Randomised controlled trials (RCTs) recruiting children or adolescents or both (aged 16 years or less) receiving any type of orthodontic treatment to correct prominent lower front teeth (Class III malocclusion). Orthodontic treatments were compared with control groups who received either no treatment, delayed treatment or a different active intervention.
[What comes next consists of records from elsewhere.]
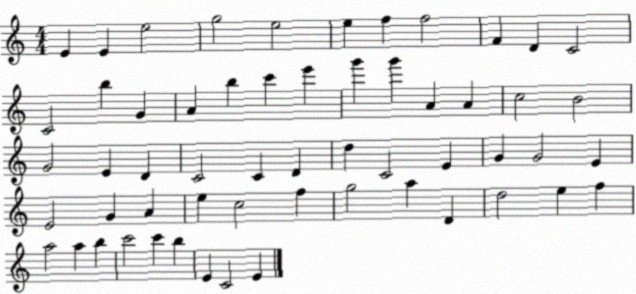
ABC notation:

X:1
T:Untitled
M:4/4
L:1/4
K:C
E E e2 g2 e2 e f f2 F D C2 C2 b G A b c' e' g' g' A A c2 B2 G2 E D C2 C D d C2 E G G2 E E2 G A e c2 f g2 a D d2 e f a2 a b c'2 c' b E C2 E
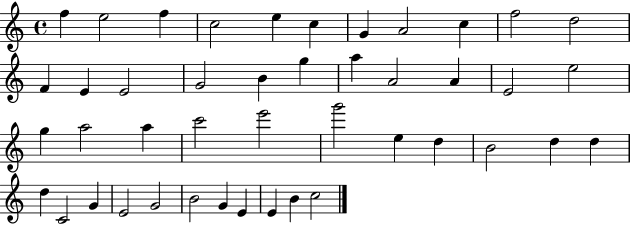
X:1
T:Untitled
M:4/4
L:1/4
K:C
f e2 f c2 e c G A2 c f2 d2 F E E2 G2 B g a A2 A E2 e2 g a2 a c'2 e'2 g'2 e d B2 d d d C2 G E2 G2 B2 G E E B c2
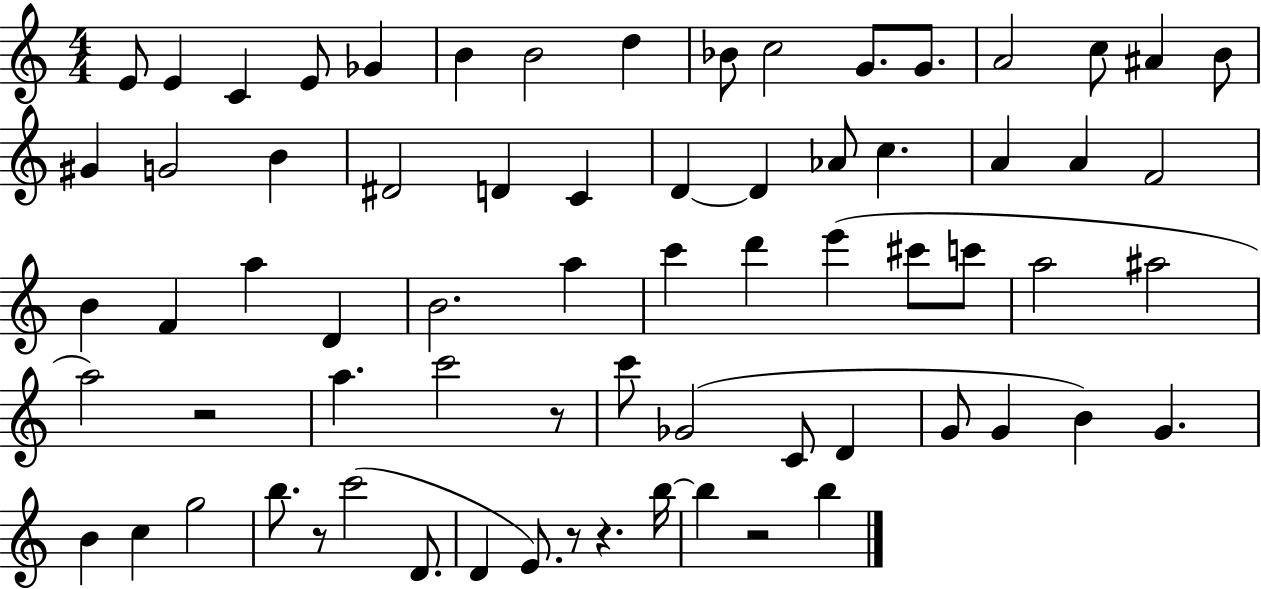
E4/e E4/q C4/q E4/e Gb4/q B4/q B4/h D5/q Bb4/e C5/h G4/e. G4/e. A4/h C5/e A#4/q B4/e G#4/q G4/h B4/q D#4/h D4/q C4/q D4/q D4/q Ab4/e C5/q. A4/q A4/q F4/h B4/q F4/q A5/q D4/q B4/h. A5/q C6/q D6/q E6/q C#6/e C6/e A5/h A#5/h A5/h R/h A5/q. C6/h R/e C6/e Gb4/h C4/e D4/q G4/e G4/q B4/q G4/q. B4/q C5/q G5/h B5/e. R/e C6/h D4/e. D4/q E4/e. R/e R/q. B5/s B5/q R/h B5/q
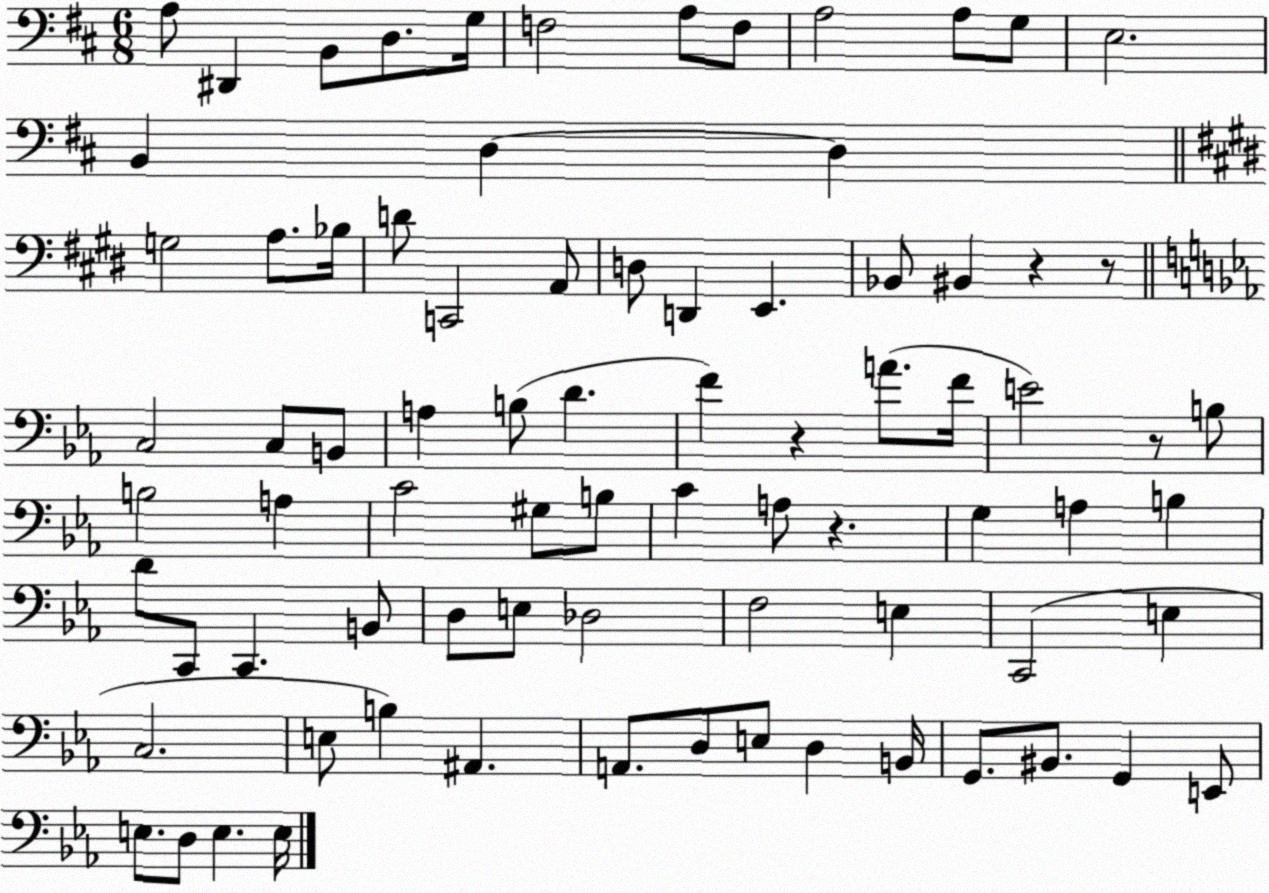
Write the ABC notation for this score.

X:1
T:Untitled
M:6/8
L:1/4
K:D
A,/2 ^D,, B,,/2 D,/2 G,/4 F,2 A,/2 F,/2 A,2 A,/2 G,/2 E,2 B,, D, D, G,2 A,/2 _B,/4 D/2 C,,2 A,,/2 D,/2 D,, E,, _B,,/2 ^B,, z z/2 C,2 C,/2 B,,/2 A, B,/2 D F z A/2 F/4 E2 z/2 B,/2 B,2 A, C2 ^G,/2 B,/2 C A,/2 z G, A, B, D/2 C,,/2 C,, B,,/2 D,/2 E,/2 _D,2 F,2 E, C,,2 E, C,2 E,/2 B, ^A,, A,,/2 D,/2 E,/2 D, B,,/4 G,,/2 ^B,,/2 G,, E,,/2 E,/2 D,/2 E, E,/4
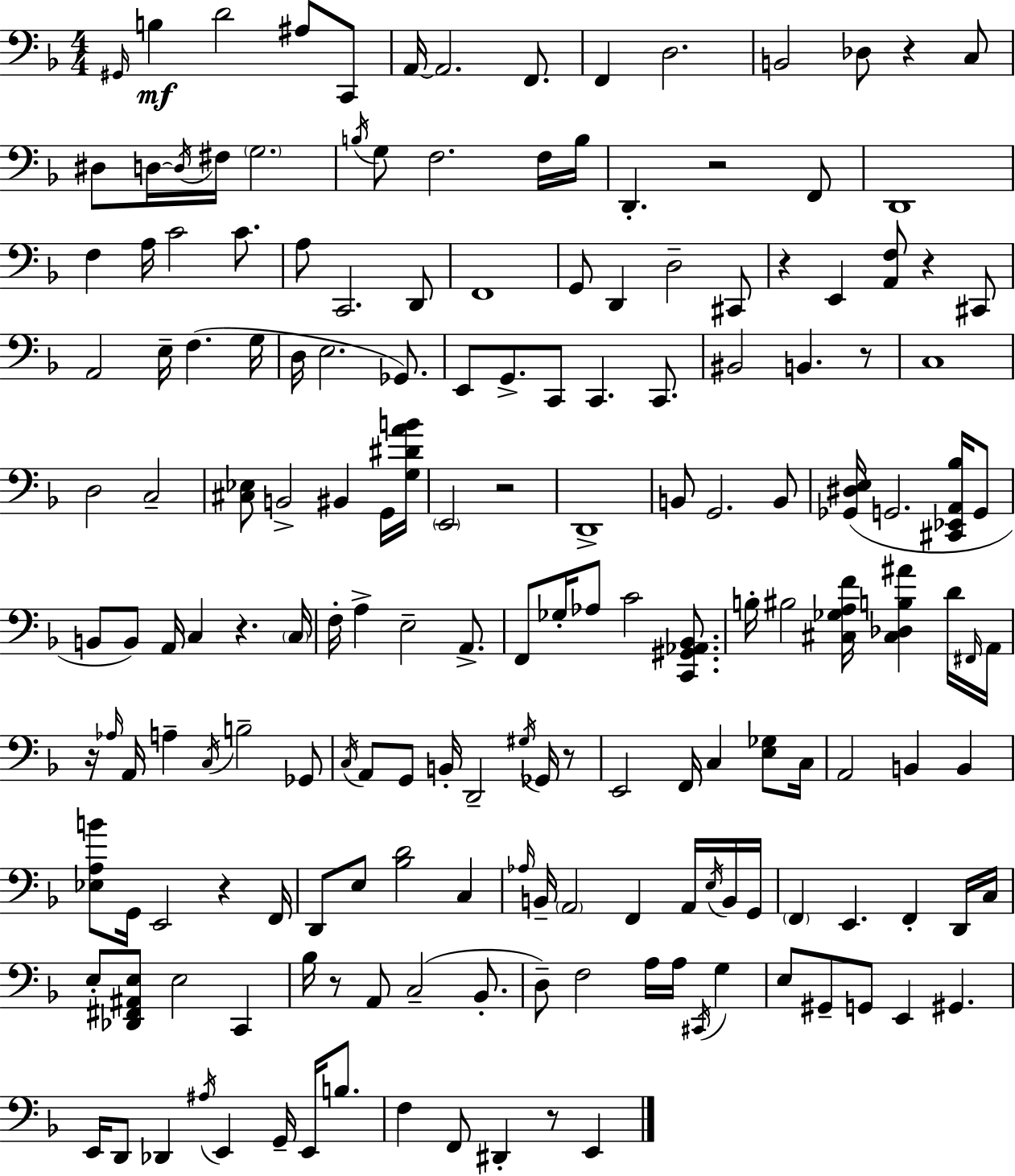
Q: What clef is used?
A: bass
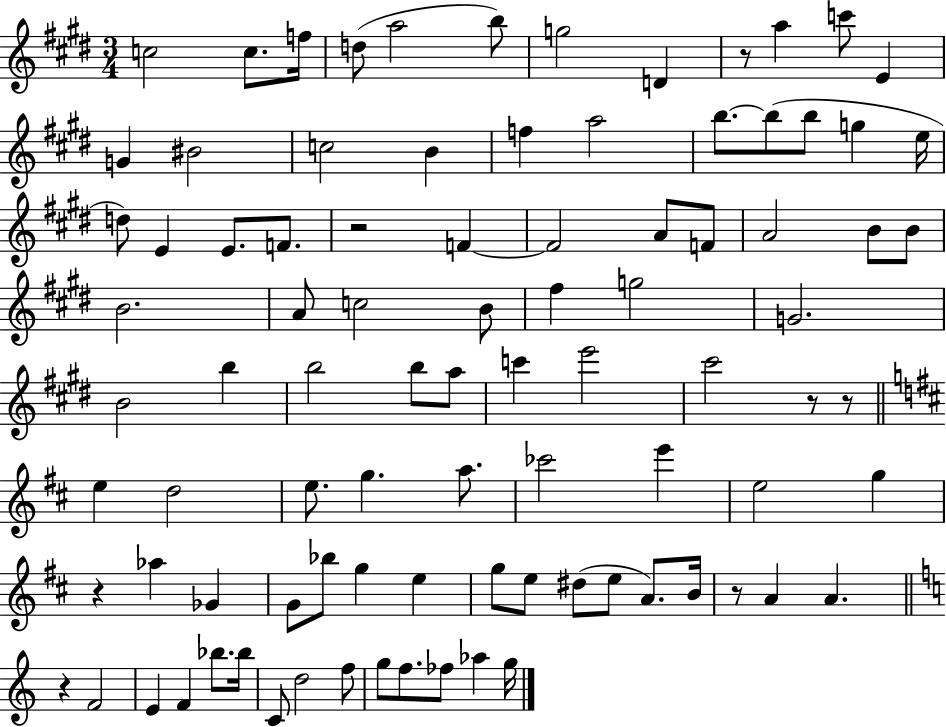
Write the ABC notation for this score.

X:1
T:Untitled
M:3/4
L:1/4
K:E
c2 c/2 f/4 d/2 a2 b/2 g2 D z/2 a c'/2 E G ^B2 c2 B f a2 b/2 b/2 b/2 g e/4 d/2 E E/2 F/2 z2 F F2 A/2 F/2 A2 B/2 B/2 B2 A/2 c2 B/2 ^f g2 G2 B2 b b2 b/2 a/2 c' e'2 ^c'2 z/2 z/2 e d2 e/2 g a/2 _c'2 e' e2 g z _a _G G/2 _b/2 g e g/2 e/2 ^d/2 e/2 A/2 B/4 z/2 A A z F2 E F _b/2 _b/4 C/2 d2 f/2 g/2 f/2 _f/2 _a g/4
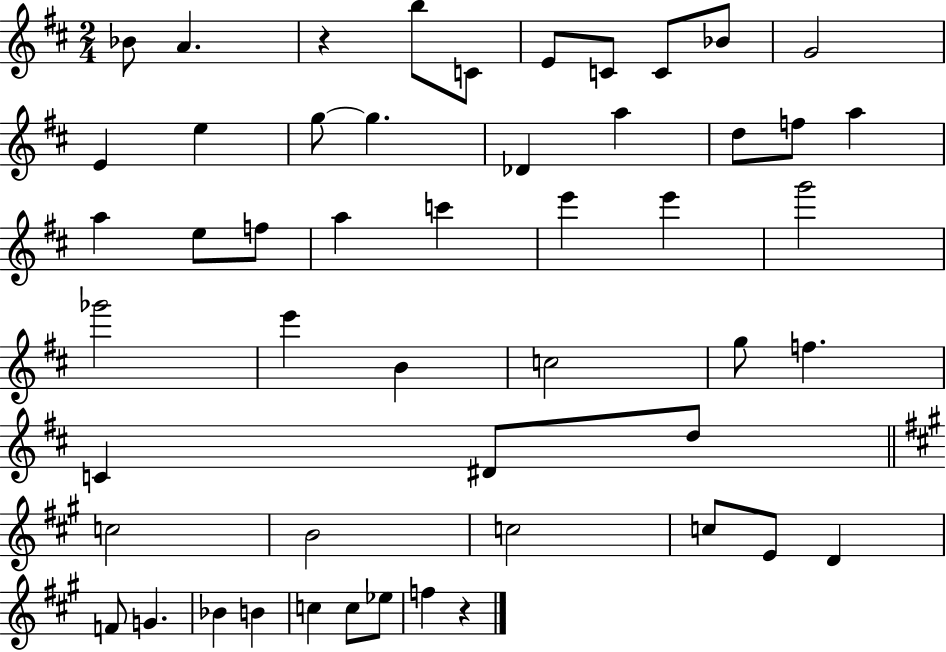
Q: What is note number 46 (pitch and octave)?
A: C5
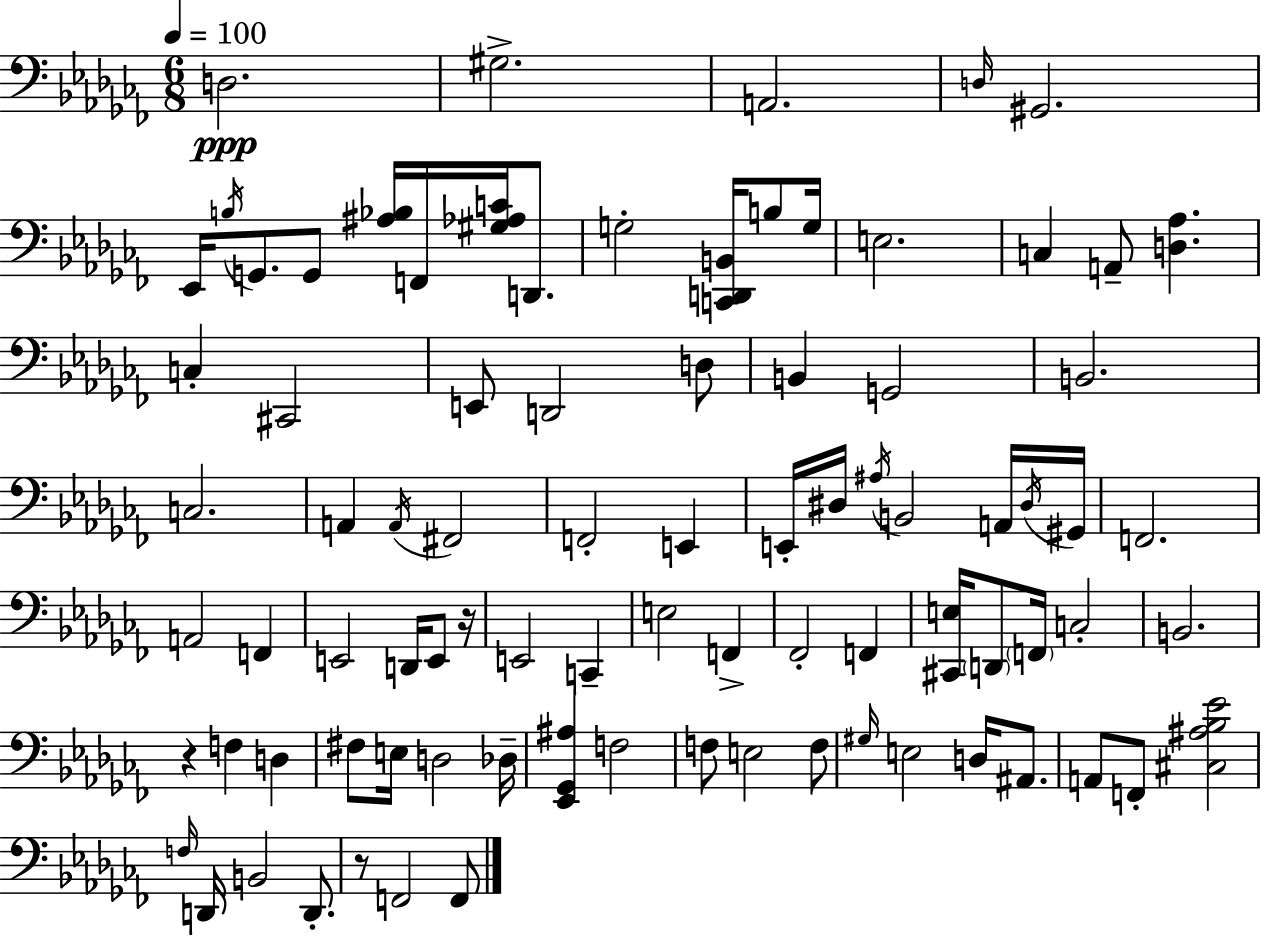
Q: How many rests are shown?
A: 3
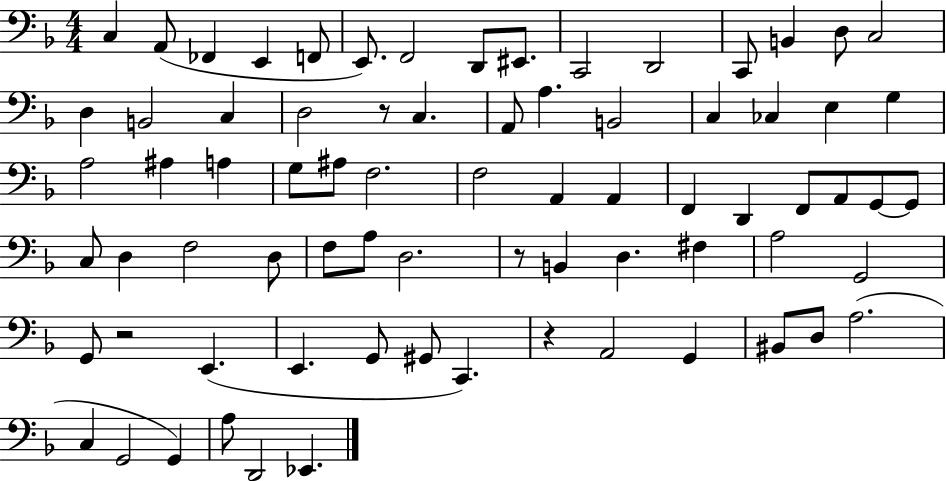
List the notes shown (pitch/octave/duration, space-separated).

C3/q A2/e FES2/q E2/q F2/e E2/e. F2/h D2/e EIS2/e. C2/h D2/h C2/e B2/q D3/e C3/h D3/q B2/h C3/q D3/h R/e C3/q. A2/e A3/q. B2/h C3/q CES3/q E3/q G3/q A3/h A#3/q A3/q G3/e A#3/e F3/h. F3/h A2/q A2/q F2/q D2/q F2/e A2/e G2/e G2/e C3/e D3/q F3/h D3/e F3/e A3/e D3/h. R/e B2/q D3/q. F#3/q A3/h G2/h G2/e R/h E2/q. E2/q. G2/e G#2/e C2/q. R/q A2/h G2/q BIS2/e D3/e A3/h. C3/q G2/h G2/q A3/e D2/h Eb2/q.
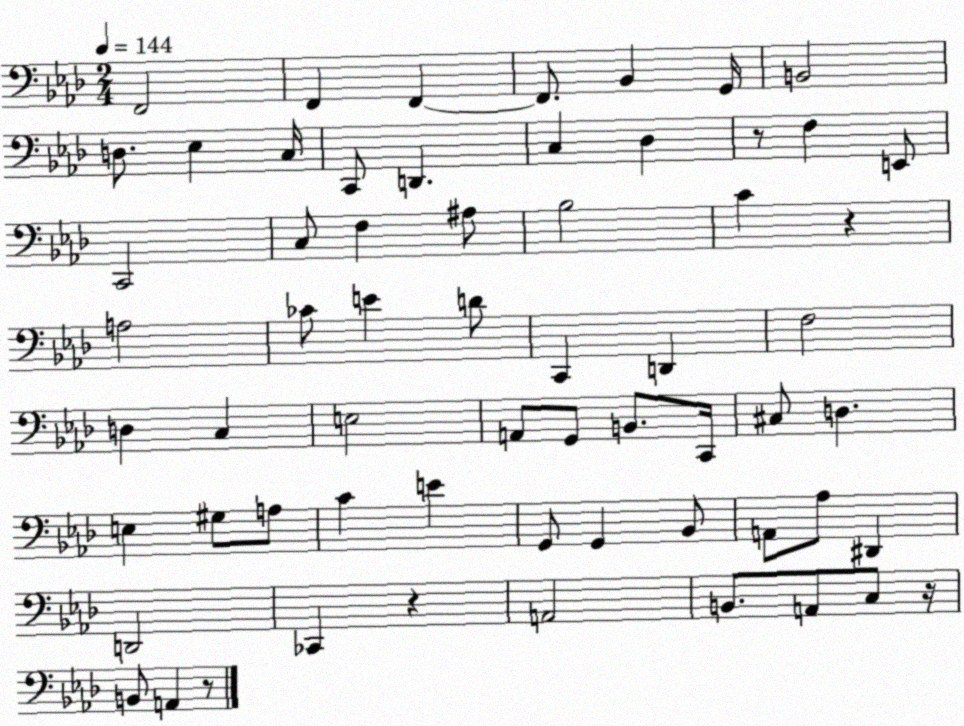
X:1
T:Untitled
M:2/4
L:1/4
K:Ab
F,,2 F,, F,, F,,/2 _B,, G,,/4 B,,2 D,/2 _E, C,/4 C,,/2 D,, C, _D, z/2 F, E,,/2 C,,2 C,/2 F, ^A,/2 _B,2 C z A,2 _C/2 E D/2 C,, D,, F,2 D, C, E,2 A,,/2 G,,/2 B,,/2 C,,/4 ^C,/2 D, E, ^G,/2 A,/2 C E G,,/2 G,, _B,,/2 A,,/2 _A,/2 ^D,, D,,2 _C,, z A,,2 B,,/2 A,,/2 C,/2 z/4 B,,/2 A,, z/2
Data collection and analysis: 

Screening of references, identification of included and excluded studies, data extraction and assessment of the risk of bias of the included studies was performed independently and in duplicate by two review authors. The mean differences with 95% confidence intervals were calculated for continuous data. Meta-analysis was only undertaken when studies of similar comparisons reported comparable outcome measures. A fixed-effect model was used. The I2 statistic was used as a measure of statistical heterogeneity.

Main results: 

Seven RCTs with a total of 339 participants were included in this review. One study was assessed as at low risk of bias, three studies were at high risk of bias, and in the remaining three studies risk of bias was unclear. Four studies reported on the use of a facemask, two on the chin cup, one on the tandem traction bow appliance, and one on mandibular headgear. One study reported on both the chin cup and mandibular headgear appliances.

One study (n = 73, low quality evidence), comparing a facemask to no treatment, reported a mean difference (MD) in overjet of 4.10 mm (95% confidence interval (CI) 3.04 to 5.16; P value < 0.0001) favouring the facemask treatment. Two studies comparing facemasks to untreated control did not report the outcome of overjet. Three studies (n = 155, low quality evidence) reported ANB (an angular measurement relating the positions of the top and bottom jaws) differences immediately after treatment with a facemask when compared to an untreated control. The pooled data showed a statistically significant MD in ANB in favour of the facemask of 3.93 ° (95% CI 3.46 to 4.39; P value < 0.0001). There was significant heterogeneity between these studies (I2 = 82%). This is likely to have been caused by the different populations studied and the different ages at the time of treatment.

One study (n = 73, low quality evidence) reported outcomes of the use of the facemask compared to an untreated control at three years follow-up. This study showed that improvements in overjet and ANB were still present three years post-treatment. In this study, adverse effects were reported but due to the low prevalence of temporomandibular (TMJ) signs and symptoms no analysis was undertaken.

Two studies (n = 90, low quality evidence) compared the chin cup with an untreated control. Both studies found a statistically significant improvement in ANB, and one study also found an improvement in the Wits appraisal. Data from these two studies were not suitable for pooling.

A single study of the tandem traction bow appliance compared to untreated control (n = 30, very low quality evidence) showed a statistically significant difference in both overjet and ANB favouring the intervention group.

The remaining two studies did not report the primary outcome of this review.